De todas maneras, dos elementos directamente perceptibles son suficientes para condenar el Colegio y su funcionamiento: la simple vista de la maleta que lleva a cuestas un joven escolar, un morral que a duras penas logra echarse a la espalda; y si a esto se añade la pesadez de un horario que va en el mismo sentido.

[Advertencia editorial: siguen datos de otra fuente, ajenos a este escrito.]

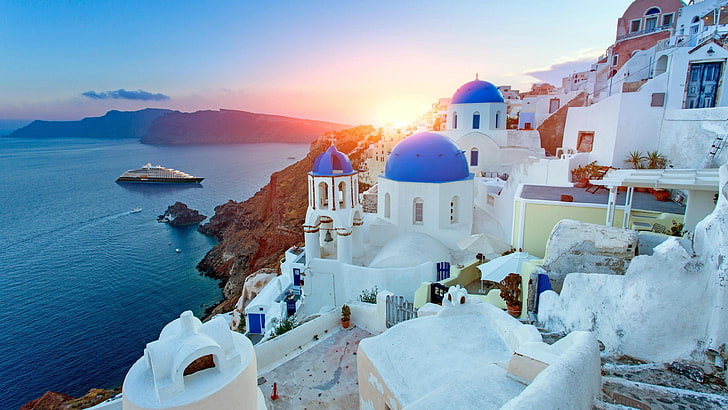 tourism, sea, sky, vacation, thira, greece, leisure, oia, travel, HD wallpaper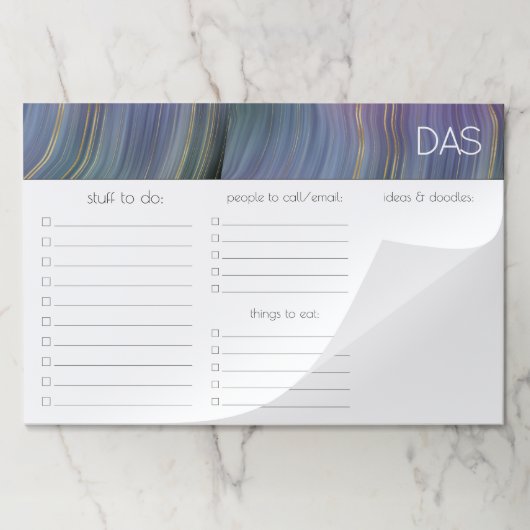 層カッコいい | Blue Purple金ゴールドアゲート一覧 ペーパーパッド (折り畳み)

En estas condiciones, la escolaridad no puede sino repugnar; no se está impidiendo lo que tenemos que evitar, la desinserción, el desprendimiento y finalmente el rechazo.

Seguramente las reformas que proponemos (¿la utopía?) suponen inversiones, pues no concebimos un grupo que exceda los veinte estudiante, de lo contrario, se convierte en una “guardería”; además, desearíamos –para los más desfavorecidos– que la escuela pudiera retenerlos durante el mayor tiempo posible, pues nuestro enemigo se llama la calle o el medio, y la escuela es la que puede proponer el antídoto. El tratamiento de un docente (por lo demás bastante mal retribuido) no se compara con lo que exigirá más tarde un gasto médicopsicológico, o incluso una vigilancia policial reforzada; no solamente la escuela debilitada o reducida nos hace perder el porvenir sino que nos obliga también a
imaginar precauciones o medios de defensa contra los que viven al margen de la sociedad y del mercado laboral, doble anomia que suscita la desescolarización. Preocupados por la reforma que deseamos, vamos a aportar una ilustración sobre un ejercicio literario (convendría también para los alumnos que se hayan orientado más hacia la enseñanza técnica) que debería ser aceptado por todos,
al mismo tiempo que elevaría en un grado los estudios anteriores a partir de un vocabulario relajado o familiar: consistiría en una especie de manipulación textual, bastante alejada de la lectura y del comentario de una obra clásica. Se trataría de pedirle al alumno que transforme varios documentos escritos (digamos tres) centrados en el mismo tema; si muchos autores han discutido el mismo tema, debe ser posible fabricar un esquema que pondría de relieve las partes comunes, luego las diferencias que los separan. De la misma manera que hemos aprendido a escribir el funcionamiento de una máquina con la ayuda de un trazado –el diagrama–, así mismo la discusión se convertiría aquí en un
amplio sistema gráfico.

La realización de esta cartografía no deja de tropezar con dificultades a la vez lógicas y espaciales; además de esta playa en la cual los tres textos se reencuentran, es necesario también otras que sólo pertenecen a dos de los protagonistas de ese problema en discusión, no al tercero, e inversamente. Entramos pues en lo complicado, los encabalgamientos y las múltiples interferencias. Seguramente, con este tipo de representación (la repartición temática) no entramos verdaderamente en los textos, en su idea; nos limitamos a visualizar o a trazar las líneas que indican tanto las proximidades como las distancias; nuevamente estamos en presencia de una técnica de traducción, cuya fecundidad conocemos (el texto topografiado); por otra parte, es la razón de ser de este trabajo, el alumno está imantado por el multimedia (la escritura y sus acompañamientos icónicos; sólo le falta lo sonoro a este ejercicio), sorprendido por la correspondencia entre un documento y la inscripción espacial, gracias a lo cual
podría no romper con la escolaridad (y más particularmente con el estudio de las controversias literarias). 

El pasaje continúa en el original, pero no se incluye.